Sound a little too science fiction? Take a note of Kurzweil's track record: in the 1980s, he predicted a computer would beat a human grandmaster at chess by 1998. He was a year late, since Deep Blue beat Gary Kasparov in 1997.
"This technology is growing exponentially," says Kurzweil. "What used to fit in a building now fits in your pocket. What used to fit in your pocket will fit inside a blood cell 25 years from now."
But rather than an adversarial war between man and machines envisioned in the "Terminator" series, Kurzweil believes the technical advancement of the next few decades will herald a literal rewiring of the human brain. Given the shrinking costs of nanotechnology, it's a matter of time before humans can turn themselves into supercomputers.
"It's not going to be a clear distinction where you can walk in a room and say humans on the left side of the room and AIs, computers on the right side," says Kurzweil. "We're all going to be deeply integrated with these technologies."
McG isn't so sure. He points to the splitting of the atom as proof that the human race is at its most inventive when it's thinking up new ways to potentially destroy itself. What logical, free-thinking computer would want to share the planet with us?
"Not only do I think it's possible [that computers would want to terminate us,] I'm not certain humanity will be around in 50 to 100 years," he says.

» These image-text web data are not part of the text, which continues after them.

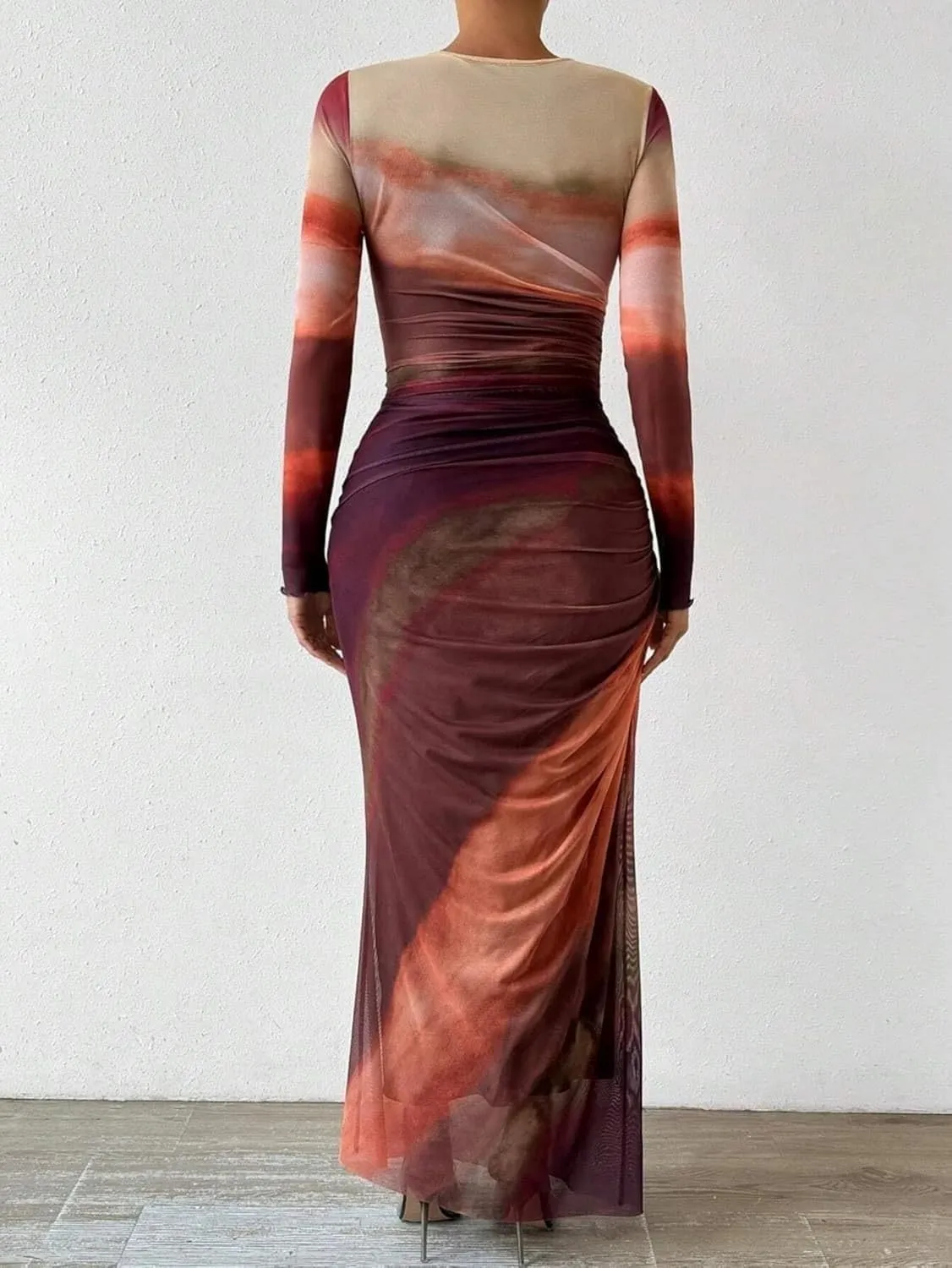 Ruched Dress Long Sleeve Dress Tie Dye Dress Maxi Dress Elegant Dress Slim Fit Dress Bodycon Dress Mesh Dress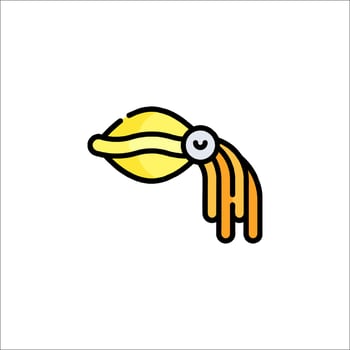 A yellow and orange squid with a long tail vector
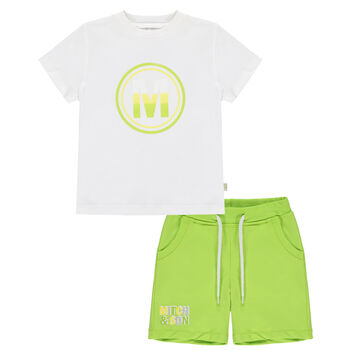 Boys White & Green Logo Shorts Set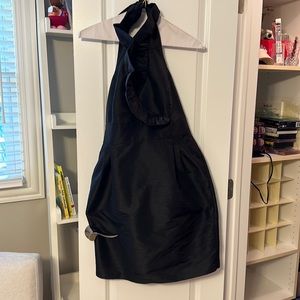 Worn once black bridesmaid dress with ruffle v-neck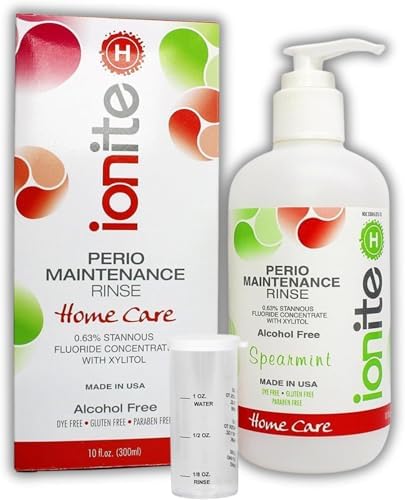 Ionite-H Home Care 0.63% Stannous Fluoride Perio Maintenance Rinse Mouthwash - with Mixing Cup/Shaker and Dispensing Pump (10 Fl oz, Spearmint)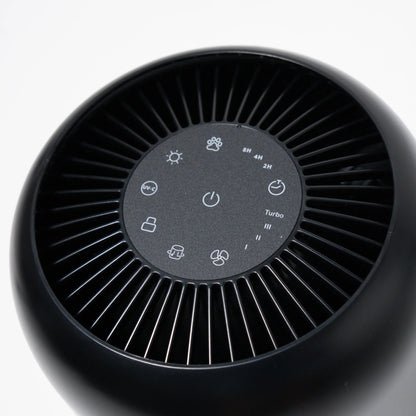 Purificator de aer EVOAIR Yuvo, Lampă UV-C, Filtru 3 în 1, True Hepa, Carbon Activ, Pre-filtru, 4 Viteze, Funcție Polen/Animale, Mod Noapte, Blocare Ecran, Lumină Ambientală, Negru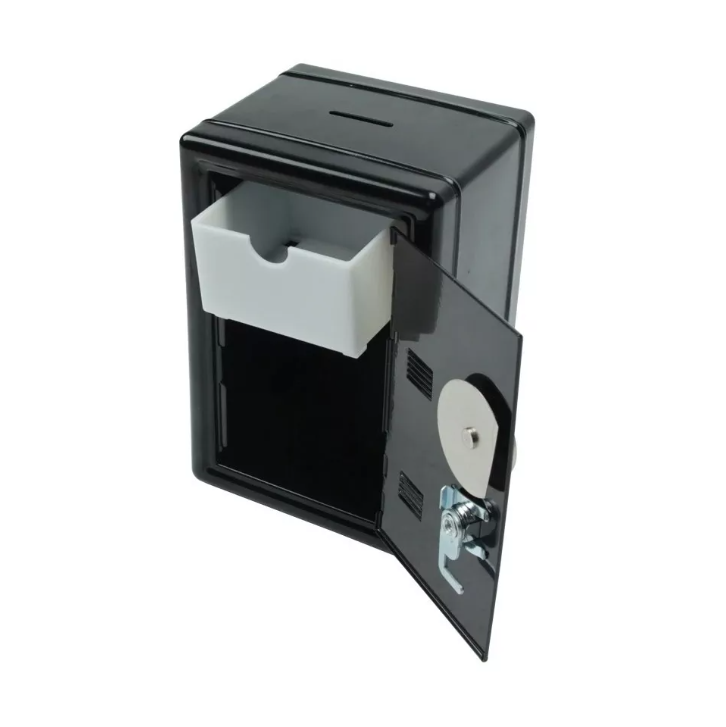 Caja Fuerte Metálica Pequeña Con Llave Para Dinero 18 X12 Cm-1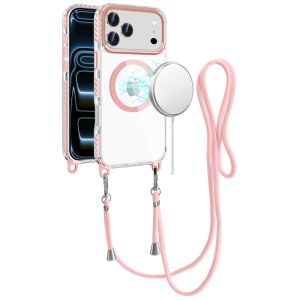 For iPhone 17 Pro Max Transparent HQ Clear Line Design Edged Hybrid [Magnetic Circle] with Matching Lanyard - Light Pink
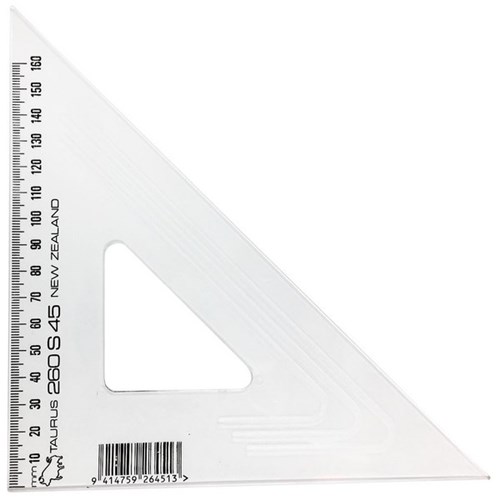 Taurus Set Square 45 Degrees 26cm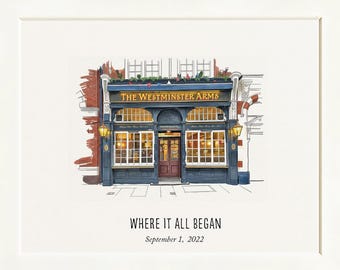 Custom Watercolor Restaurant Portrait: Personalized Anniversary Art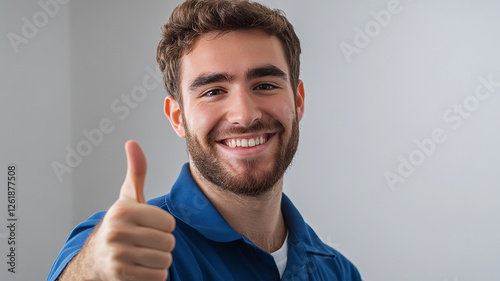 A young beautiful man worker raised her hand and smiled, giving a thumbs-up Made with generative AI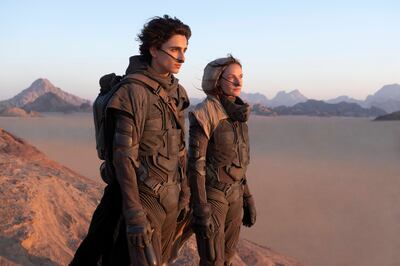 Timothee Chalamet and Rebecca Ferguson in a scene from 'Dune'. Photo: Warner Bros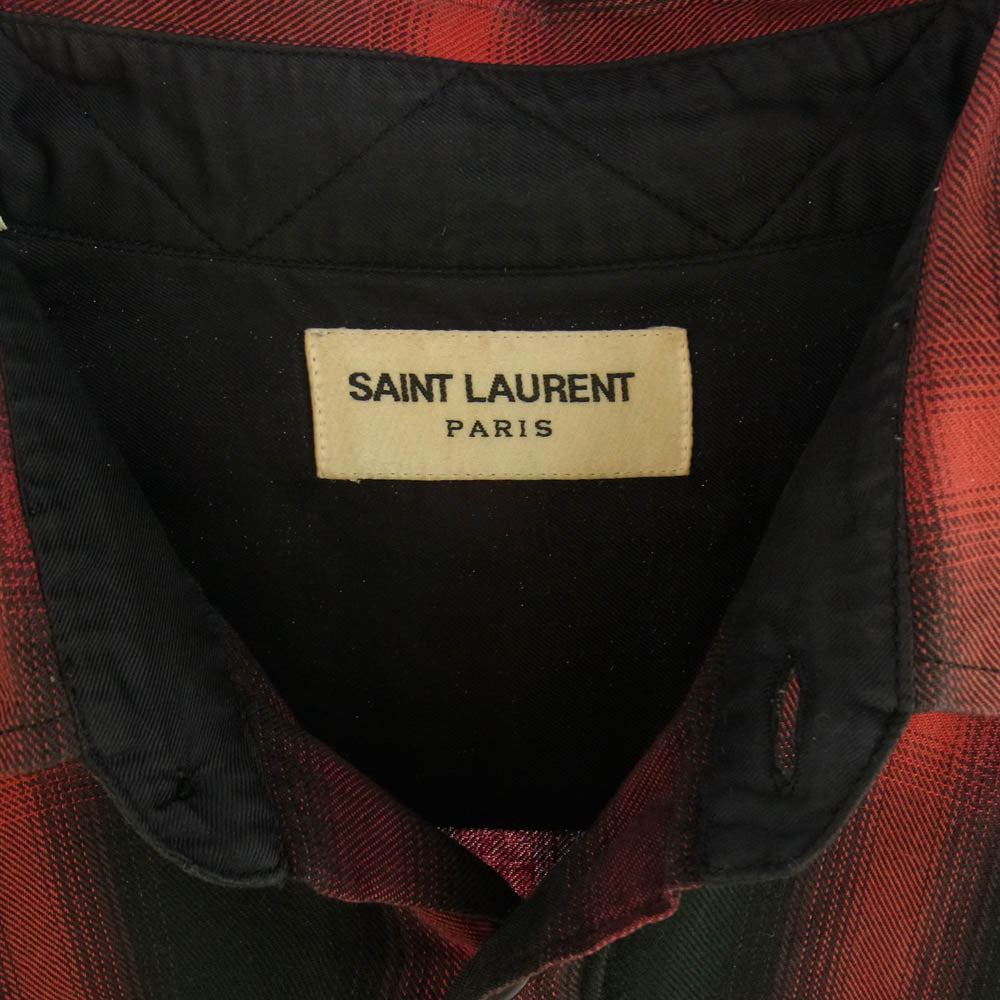 SAINT LAURENT サンローラン 13AW 326627 Y7298 エディ期 コットン リヨセル オンブレ チェック シャツ ブラック系 レッド系 38/15【中古】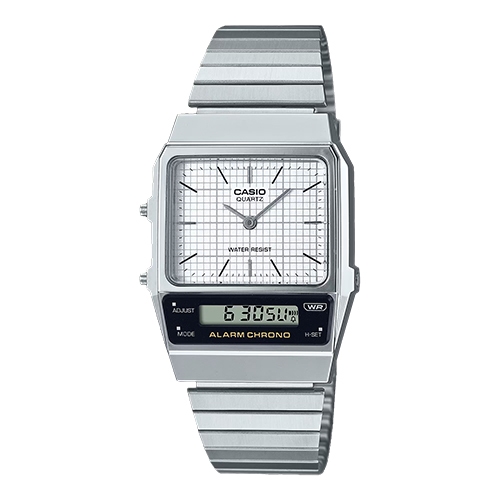 CASIO專賣店 AQ-800E-7A 復刻時尚 雙顯指針錶 白網格 不鏽鋼錶帶 兩地時間 生活防水 AQ-800E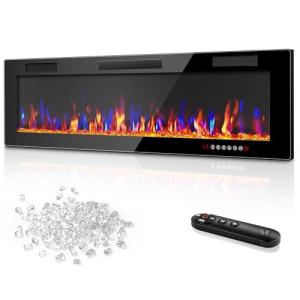 Vitesse 60" Electric Fireplace with Multicolor Flames
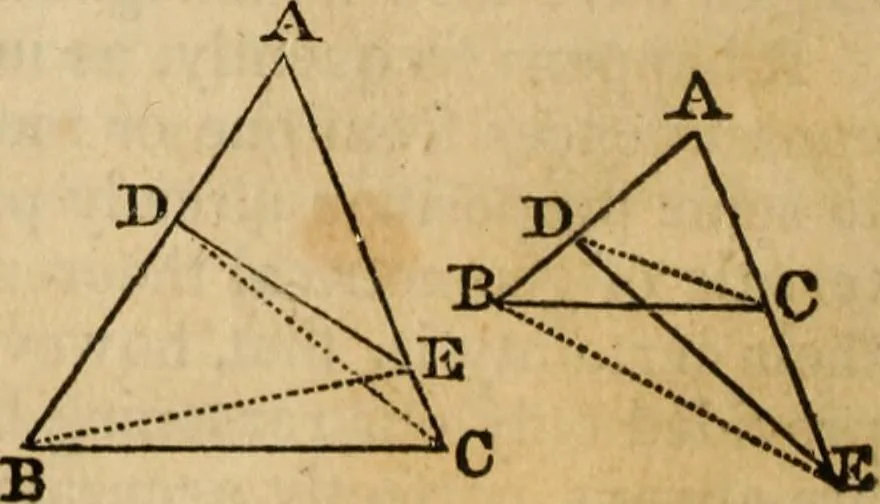 An illustration from Elements of geometry and trigonometry, 1835, leaf 90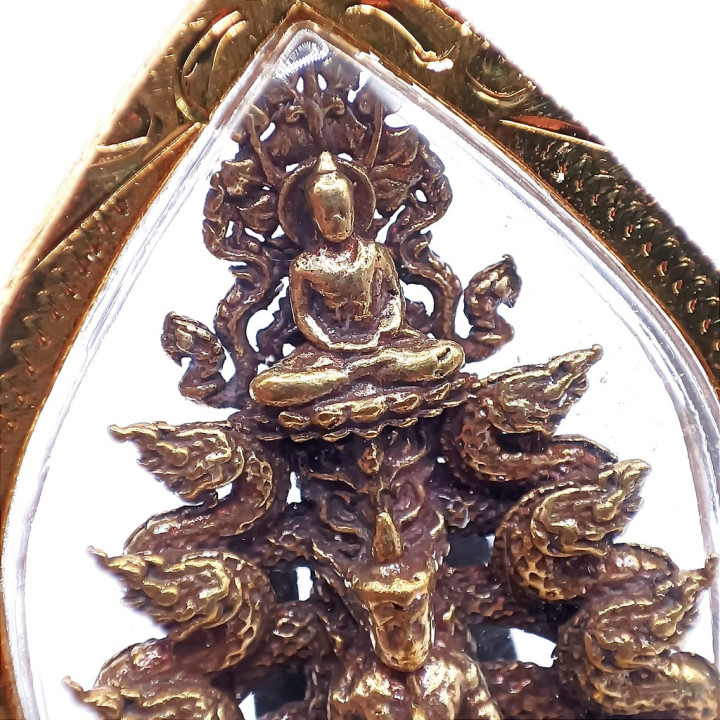 Thao Virupak Naga King Amulet Gold Plated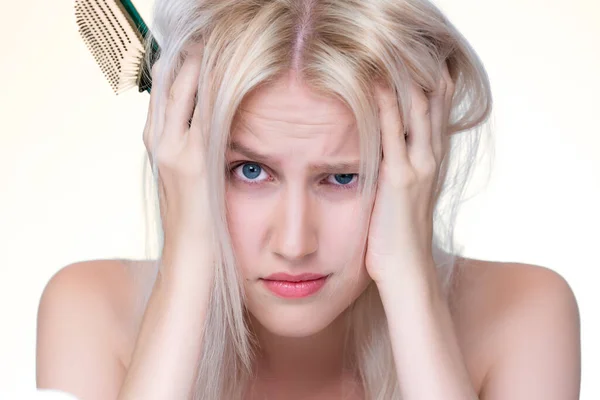 Closeup Personable Beauty Fresh Clean Skin Woman Having Dry Hair — стоковое фото
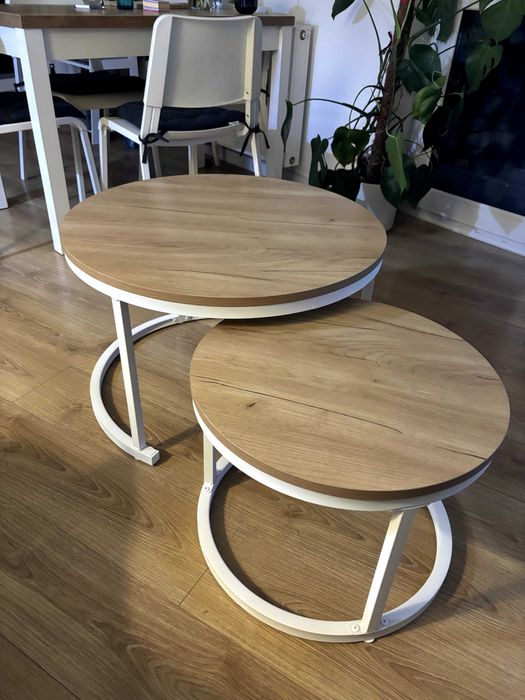 Zestaw stolików metalowych GALEN BIAŁY CRAFT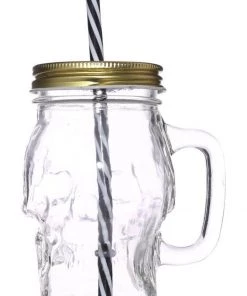 Succubus Gifts Skull Drinkingjar With Lid And Straw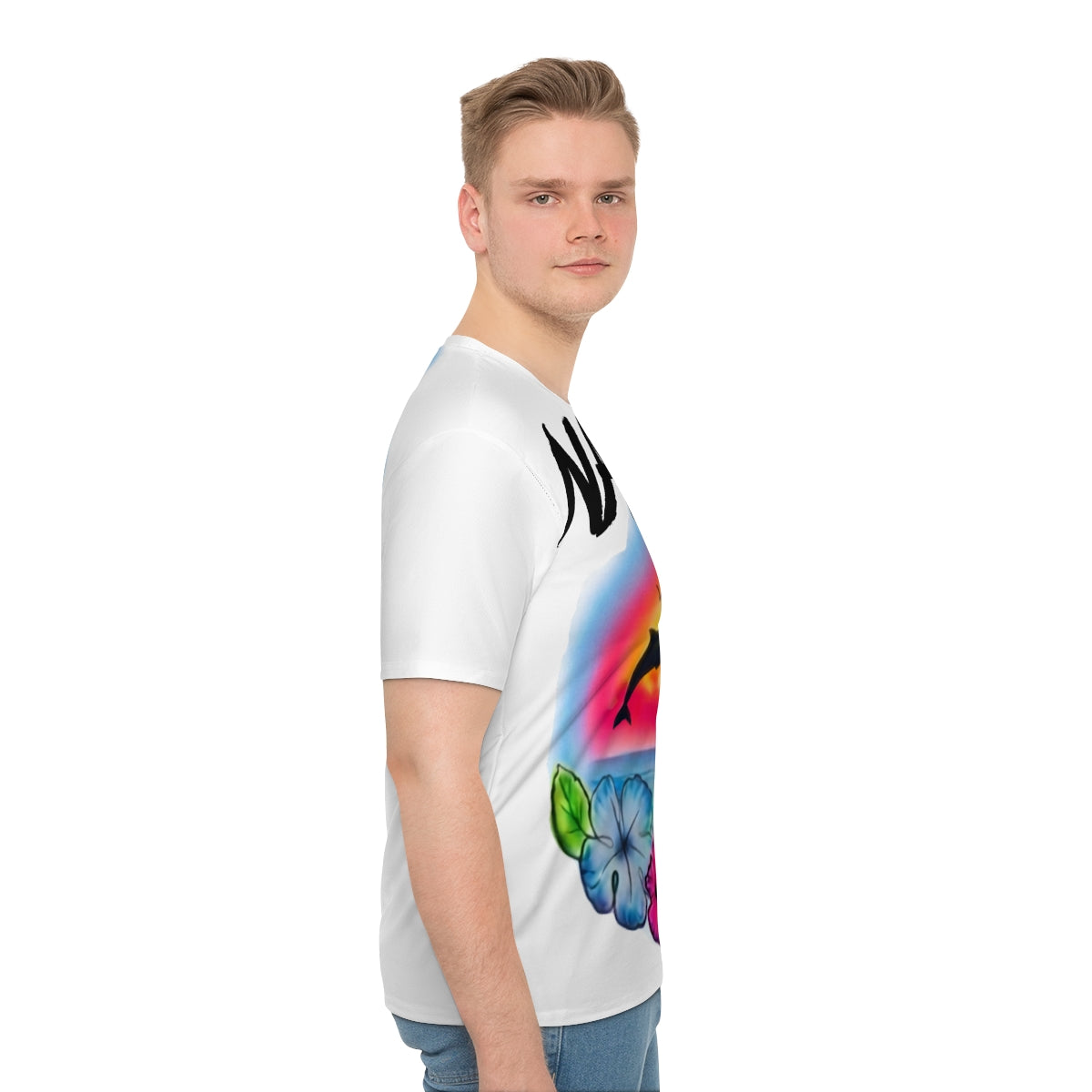 BEACH Sunset Dolphin Color Blast Customizable Airbrush Digital Designer Personalized "Any Name" Exclusive Men's Loose T-shirt by GT Artland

Science fiction has certainly mined those fears over the years, whether it's been "2001's" homicidal computer, Hal 9000, or the computer that almost obliterated the world in a nuclear holocaust in "War Games." (In a case of life imitating art, the Roadrunner supercomputer at Los Alamos is used for nuclear simulations.)
But Andrew Ng, a computer science professor at Stanford University, says artificial intelligence will breed machines that are more R2-D2 than T-800s. In fact, he adds, there may be more legitimate worry that the future will resemble "Mad Max" or "The Day After Tomorrow" than the one predicted by "Terminator Salvation."
"I think humanity faces many doomsday scenarios today, such as those posed by global warming, possible nuclear war, maybe even asteroid strikes," he says. "AI is much more likely to see us through these problems than to cause them."